CDC: US Diabetes Incidence, Prevalence Rates Appear To Be Slowing Down

Chuck Bednar for redOrbit.com – Your Universe Online

The incidence and prevalence rates of diabetes in the US may be leveling off after doubling between 1990 and 2008, researchers from the Centers for Disease Control and Prevention (CDC) reported Tuesday in the Journal of the American Medical Association (JAMA).

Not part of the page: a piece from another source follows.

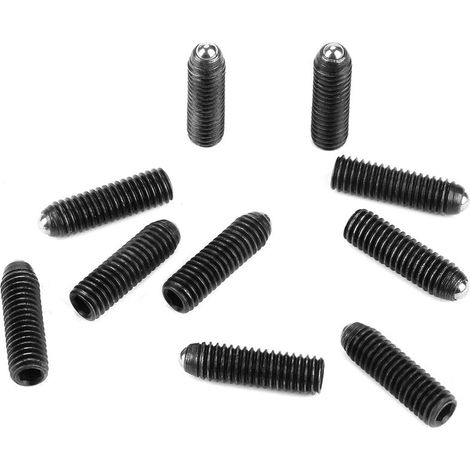 Piston à bille, piston à vis, 10 pièces M6 filetage à six pans creux en acier au carbone jeu de pistons à ressort à bille(XL) (1/5)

Linda Geiss of the CDC’s Atlanta chapter and her colleagues reviewed data from 1980 through 2012 for nearly 665,000 adults between the ages of 20 and 79, and used that information to determine the annual percentage change in rates of the prevalence and incidence of diagnosed diabetes (type 1 and type 2 combined).

According to USA Today’s Kim Painter, a total of 8.3 percent of all adults had been diagnosed with diabetes as of 2012. However, the rates at which new diagnoses are accumulating and the overall number of cases rising have slowed in recent years – findings that the study co-author and CDC diabetes expert Dr. Ann Albright called surprising and encouraging.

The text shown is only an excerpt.